Task description:
Your output should be an exact copy of the records, with no pictures in it.

[Web page caption snippets]
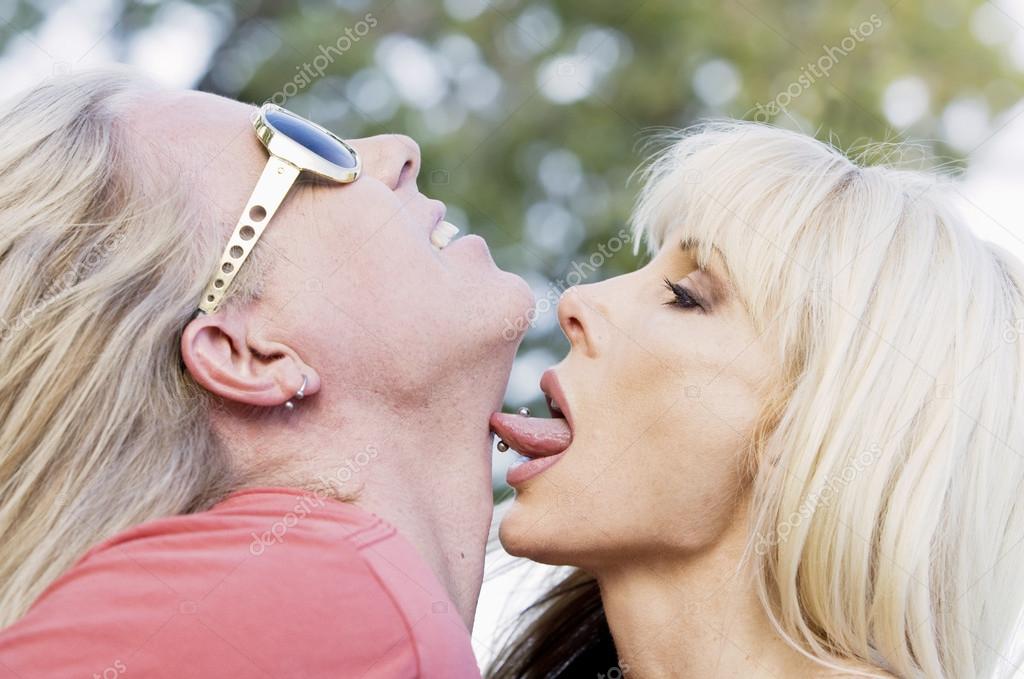 Download - Woman with big eyes licking a man on the neck - Stock Image. 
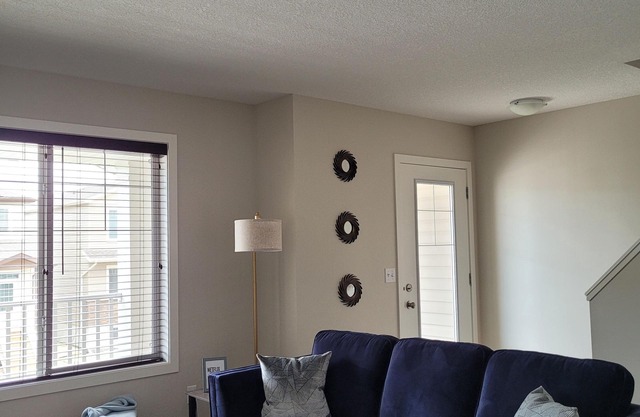 COZY 2-BR TOWNHOUSE. Private ATTACHED GARAGE and BALCONY. Near YQR AIRPORT.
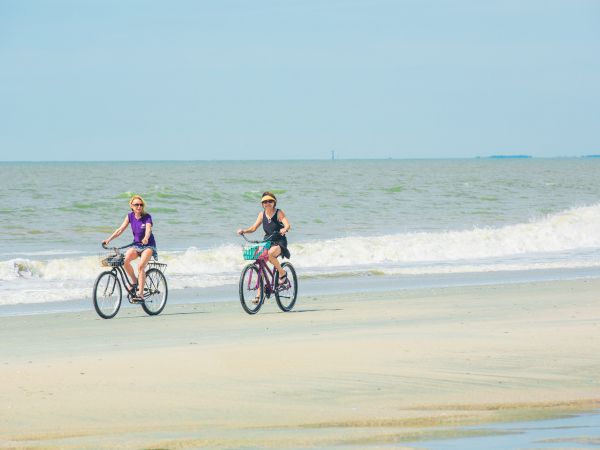 Two people are riding bicycles on a sandy beach near the ocean, with waves in the background and a clear sky above the scene.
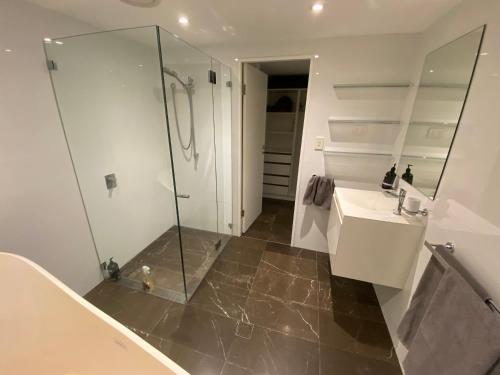 a bathroom with a glass shower and a sink at Garden flat, NORTH SYDNEY in Sydney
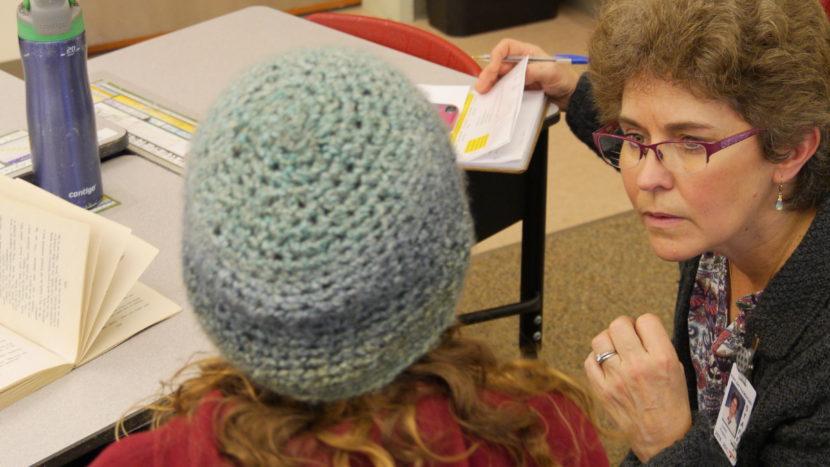 Nurse Luann Powers tries to check a student's blood sugar in a classroom of Auke Bay Elementary, Thursday.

Response:
 Download - Woman with big eyes licking a man on the neck - Stock Image. 
 COZY 2-BR TOWNHOUSE. Private ATTACHED GARAGE and BALCONY. Near YQR AIRPORT.
 Two people are riding bicycles on a sandy beach near the ocean, with waves in the background and a clear sky above the scene.
 a bathroom with a glass shower and a sink at Garden flat, NORTH SYDNEY in Sydney
 Nurse Luann Powers tries to check a student's blood sugar in a classroom of Auke Bay Elementary, Thursday.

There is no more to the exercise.